Вот я об этом и хотела сказать. Понимаете, те времена были такие страшные, что защищать Анну Андреевну Ахматову — самому пойти по этапу, защищать Зощенко, это было практически невозможно. Сейчас более вегетарианские времена, но не все решаются. Я думала, что весь наш театральный цех должен встать на дыбы, это такое безобразие, это такой абсурд, это возмутительно до предела. И все это знают, все! И как же так, почему вся общественность не встала на дыбы? Почему только некоторые? Я вот сейчас смотрю, прессуют Мишу Ефремова — не то сказал, не там сказал, играл концерты на Украине. Какие гадости в его адрес! И еще находятся, ой, я прямо, из меня сейчас страшные слова сейчас вылетать будут, какой-то Меликьян, или как его, бывший член нашей Думы, он хочет у него отобрать звание. Товарищ дорогой, не вы давали! А вы никогда ничего не получите, и пиара из этого вы не сделаете, вот что я бы хотела ему на память написать автограф.
Но вот люди заступаются, кто-то все-таки заступается за Серебренникова, кто-то нет, цех ведет себя по-разному, многие молчат. Но не только про молчание в этом смысле речь, не только про солидарность, но и про то, что меня интересует, насколько эта атмосфера проявляется в том, что может позволить себе сегодня режиссер на сцене, в том, что можно ставить, что нельзя. Чувствуете ли вы эти перемены, влияние атмосферы на этот художественный непосредственно процесс? Или все-таки я преувеличиваю, когда думаю об этом?
Нет, это есть. Это есть, и это уже не в той форме, как это было при Брежневе, это немножко острее. Тем более, что у нас традиция есть, и очень наработки замечательные, это то, что Галич писал, «очень просто попасть в палачи, промолчи, промолчи, промолчи». И это самая страшная беда — равнодушие к своим товарищам, понимаете.
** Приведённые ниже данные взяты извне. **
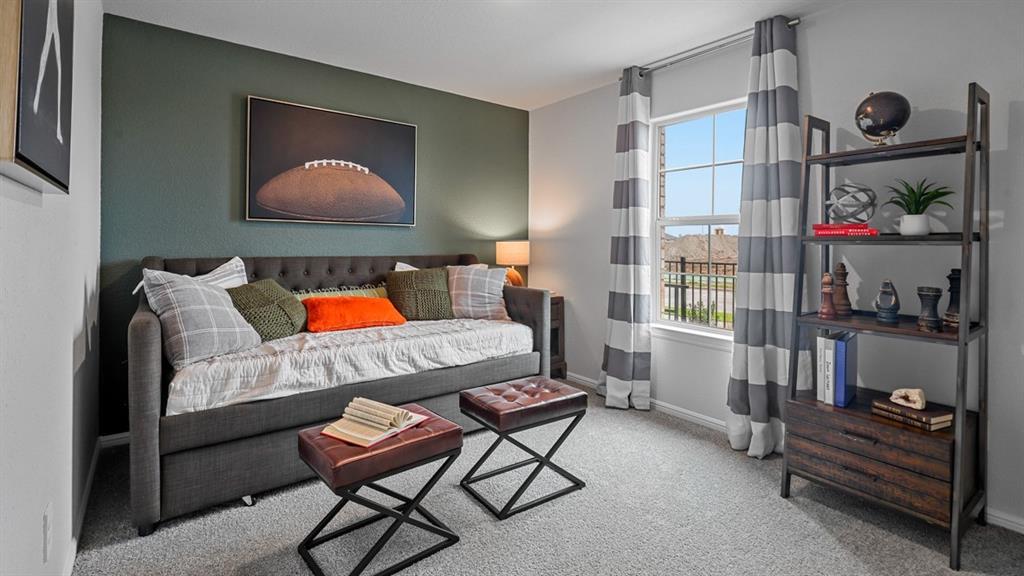 213 EC Tally Drive Justin, TX 76247 - Photo 24 of 40 a living room with furniture and a lamp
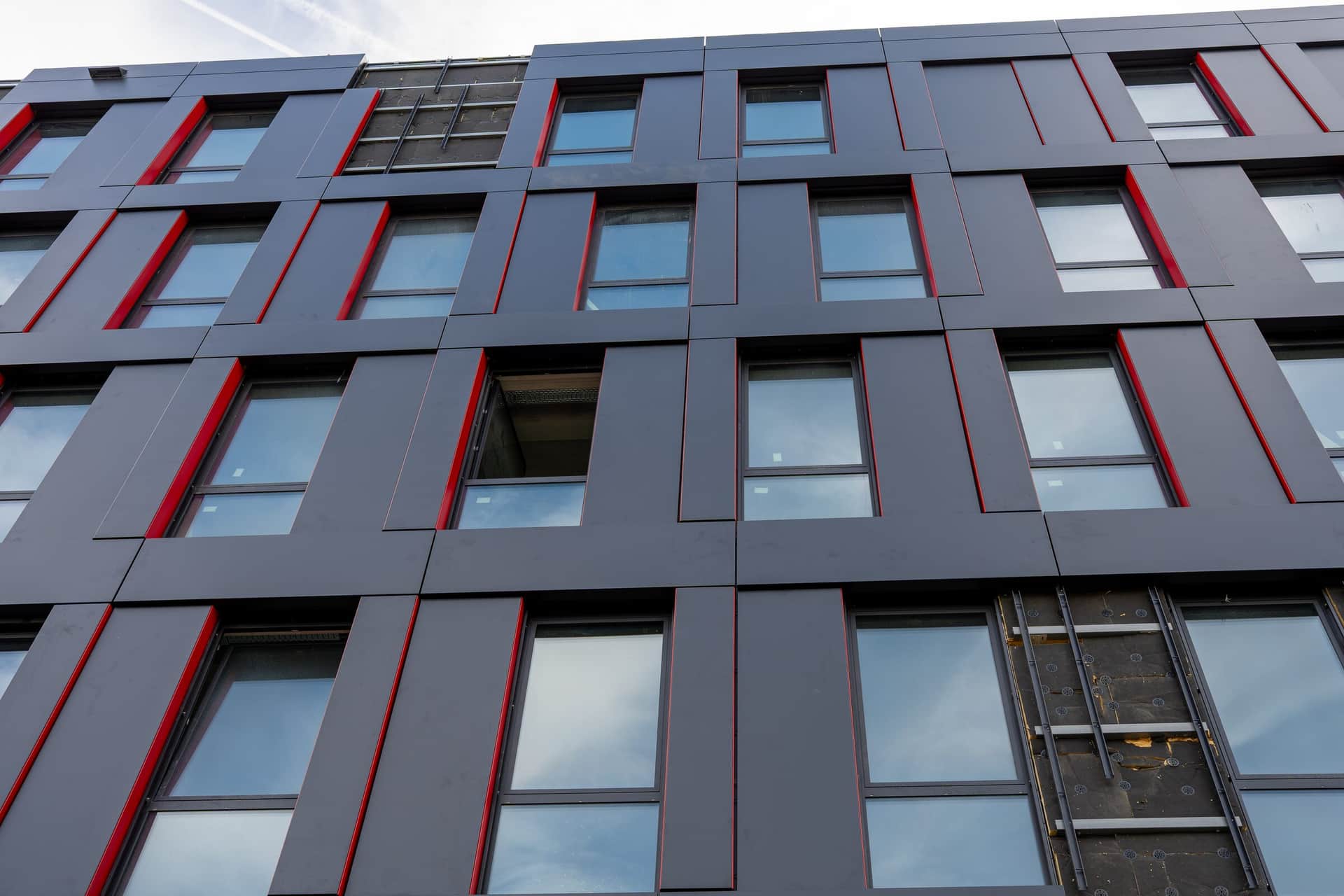 Anthrazitfarbene Metallfassade mit roten Fensterlaibungen in der Untersicht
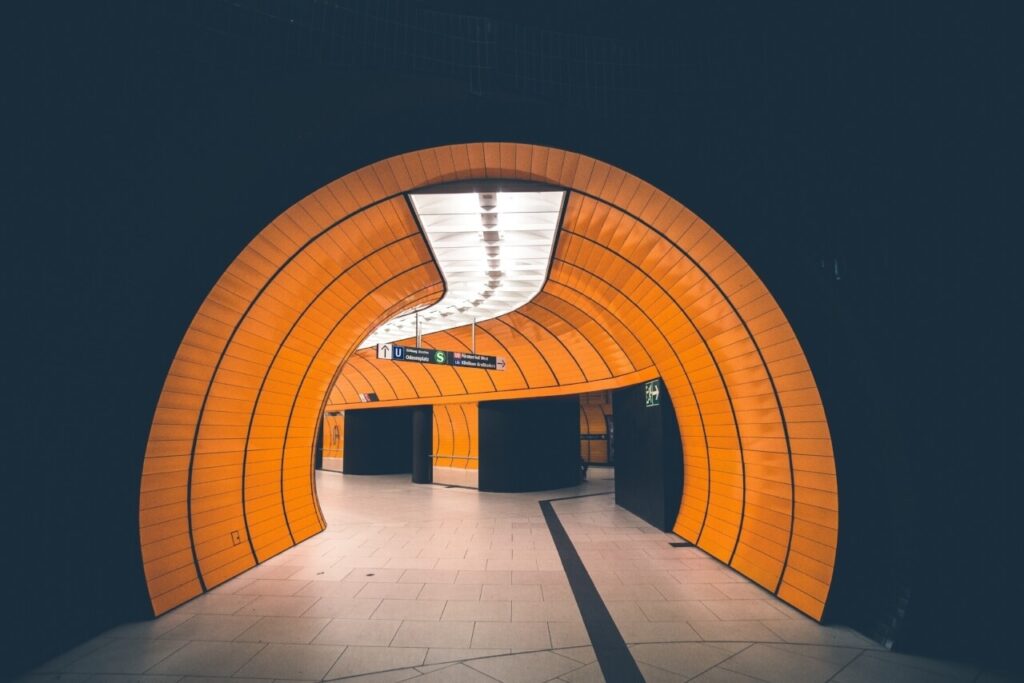 A modern, brightly lit orange tunnel with a curved design in a subway station.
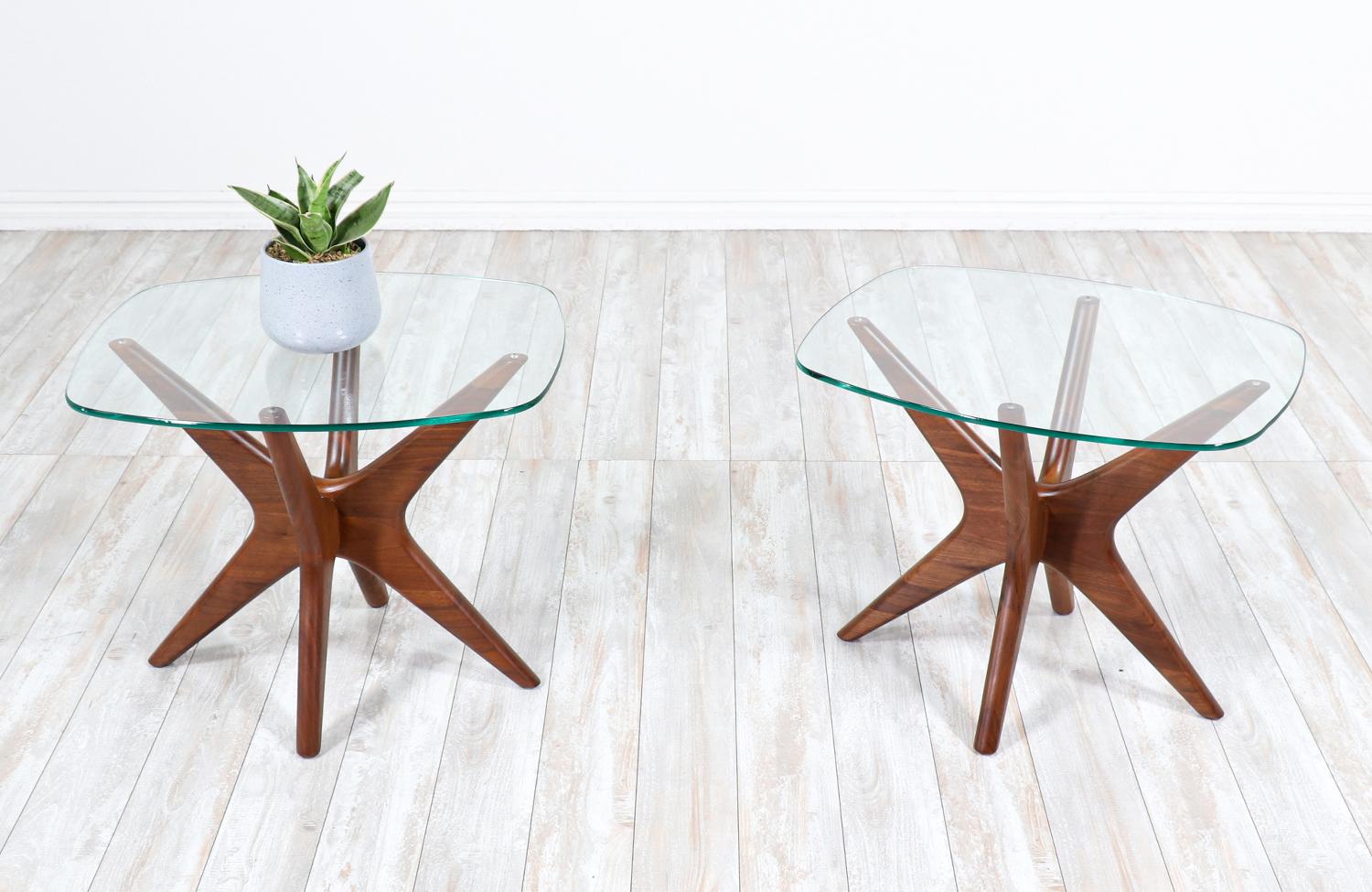 A pair of side tables designed by Adrian Pearsall for Craft Associates and manufactured in United States circa 1960’s. The beautiful new glass tops show a beautiful view of the frame of the tables and contrast exquisitely with the walnut wood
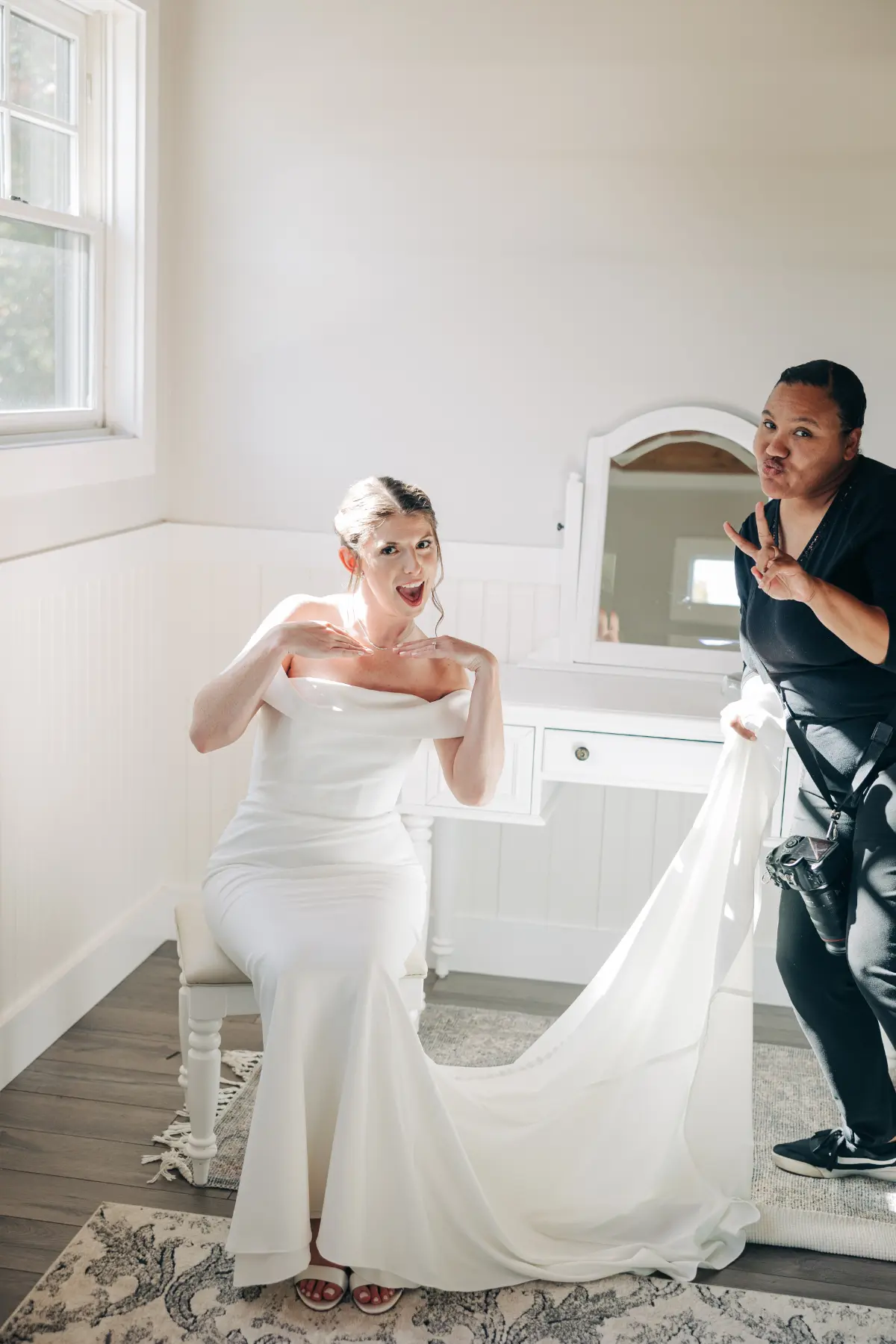 A bride in an off-the-shoulder white wedding dress sits on a bench smiling and posing playfully with her hands near her chin, while a woman stands beside her holding the train of the dress and making a peace sign with her fingers.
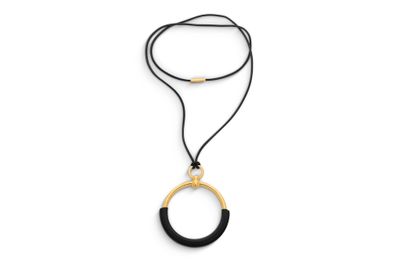 un collier noir et doré avec un pendentif circulaire, monté sur un cordon noir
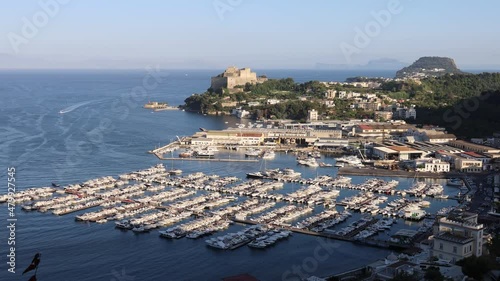 beautiful view of the port of Baia in the Campi Flegrei with Vesuvius, Capri island and Sorrento peninsula in the background. Phlegraean Fields, Naples, Campania, Italy photo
Какие-то деятели мирового театра считают нужным защищать Серебренникова, а вся театральная общественность дыбом не встала, заметьте.
Да, мы давно про это говорим, собственно, сколько это дело продолжается, столько и говорим.
Опять, промолчи — попадешь в палачи.
Есть ли что-то, что вам внушает оптимизм во всей этой истории?
Нет, у меня нет оптимизма, и у меня самые печальные есть опасения, самые страшные. Нельзя, нельзя убивать культуру! Это делать нельзя. И нельзя, чтобы руководили культурой силовики, вот так, грубо говоря.
Отдел по надзору за Конституцией, как известно, ведет это дело в ФСБ. Спасибо большое.